Regarding latency, there shouldn't actually be that much difference to master snapshot, as I build with the default kernel options. So, no CONFIG_PREEPMT. (I am not quite sure what you mean by "stock master"? the actual master (buildbot snapshots), or the ancient 17.01 release?)

Most of my own changes have already been incorporated into the Openwrt sources, so currently my build is mostly about selecting key packages into the build.
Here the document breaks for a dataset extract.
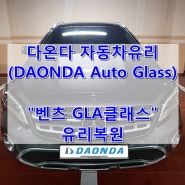 부산유리복원(출장) / 벤츠 GLA클래스 / 부산강서구유리복원 (DAONDA Auto Glass)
Sorry for the wired naming. I've just seen it after sending. I meant snapshot build from here:
https://downloads.openwrt.org/snapshots/targets/ipq806x/generic/

So WIFI LEDs and latency should be okay with "official" snapshots? That's great to hear!

@philjohn Thanks for providing the script. I've just placed it inside init.d and 755'd it. Unfortunately, I'm still seeing high IRQ load when running a speed test over 5Ghz, and can see it's affecting the performance. Is there something else I'm missing, some sort of setting, which could be attributing to this?:

image

Wifi driver is run by IRQs, so what is the surprise with the load?

@hnyman Sorry I should probably clarify. It's not a surprise that there's any load, it's just that throughput seems to die the moment load hits 100%. There are reports of others hitting 400Mbps, whereas I can barely hit 300 at times on 5Ghz (I'm maybe two meters from the router, strong signal, stable ping, etc). I've hard-wired into the router and ran tests and can hit 350+ easily (regularly hitting 450), but when connected wireless seems truly difficult to hit (especially when I'm connected at 1.3Gbps).

I'm not certain the irq load is the 'issue' either. I have limited knowledge on this, and I've exhausted my personal knowledge and the irq load is the only indication of why the throughput would be low. I'm all ears if there are other things I need to check, ie ,should I be using a specific cypher, or any other setting.

I appreciate all the help and the firmware, so thank you!

Each arriving packet from wan, lan or wlan basically triggers the respective driver via IRQs, so high software IRQ load during speed test does not sound strange. CPU is not consumed for user-space computing, but is needed for network drivers (and firewall, routing etc.)

I just tested with flent using my 100/12 connection and I get

  • 20% sirq load with wired
  • 42%sirq load with 2.4GHz wifi
  • 60% sirq load with 5GHz wifi

This is without any balancing the irqs to different CPU cores, as my "slow" connection does not usually cause any need for that.

There is useful IRQ balancing discussion in the R7800 exploration thread from early 2017. Read from here onward: Netgear R7800 exploration (IPQ8065, QCA9984) - #45 by Nague
But IRQ balancing is no magic wand. But may help in getting some additional throughput.

Ps. the script linked above by @philjohn looks a bit strange, as its actions do not match the comments inside the script. (both wan and wlan0 are assigned to the same core, despite the comment saying otherwise)

1 Like

@hnyman any way to get ngnx ssl working on your build?

Good spot, I found this gave better throughput for 5ghz and lan to wan, keeping them local to a single core. Need to update the comments.